### Data excerpts:

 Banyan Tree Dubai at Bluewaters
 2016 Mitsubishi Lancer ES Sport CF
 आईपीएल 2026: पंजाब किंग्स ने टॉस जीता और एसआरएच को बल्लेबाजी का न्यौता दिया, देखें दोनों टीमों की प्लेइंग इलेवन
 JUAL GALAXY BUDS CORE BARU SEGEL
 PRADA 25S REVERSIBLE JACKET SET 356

==

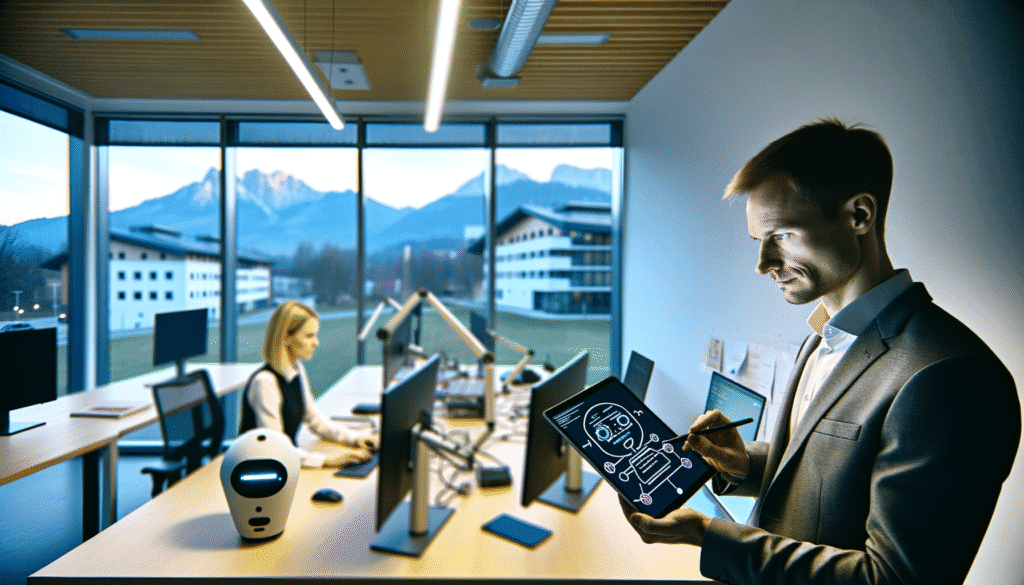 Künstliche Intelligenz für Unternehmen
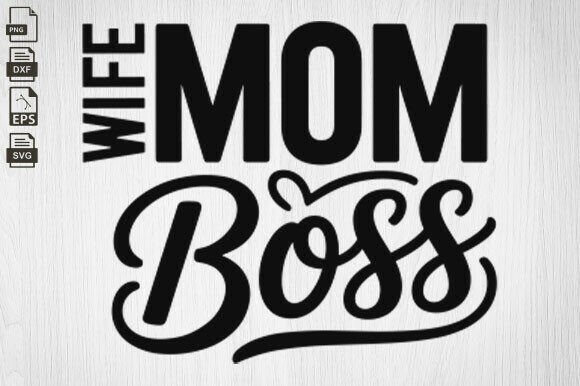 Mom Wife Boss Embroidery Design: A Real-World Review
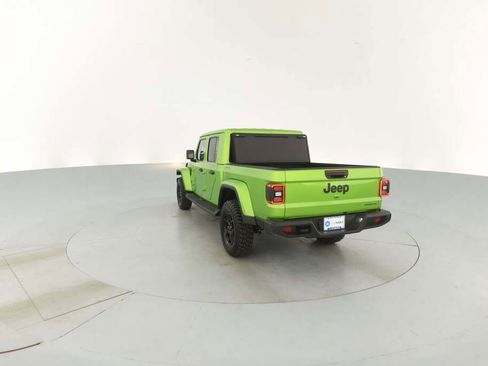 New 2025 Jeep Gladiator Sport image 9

* * *

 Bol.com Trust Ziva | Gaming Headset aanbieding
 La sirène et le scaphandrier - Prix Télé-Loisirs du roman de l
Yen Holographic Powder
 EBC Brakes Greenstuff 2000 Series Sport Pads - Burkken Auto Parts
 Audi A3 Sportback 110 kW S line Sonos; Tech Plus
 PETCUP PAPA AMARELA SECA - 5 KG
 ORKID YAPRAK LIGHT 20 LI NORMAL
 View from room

### Problem statement:
Your answer must be the lines above from the one containing "Bol.com Trust Ziva" to the one containing "View from room", both included, restated word for word.

### Problem solution:
 Bol.com Trust Ziva | Gaming Headset aanbieding
 La sirène et le scaphandrier - Prix Télé-Loisirs du roman de l
Yen Holographic Powder
 EBC Brakes Greenstuff 2000 Series Sport Pads - Burkken Auto Parts
 Audi A3 Sportback 110 kW S line Sonos; Tech Plus
 PETCUP PAPA AMARELA SECA - 5 KG
 ORKID YAPRAK LIGHT 20 LI NORMAL
 View from room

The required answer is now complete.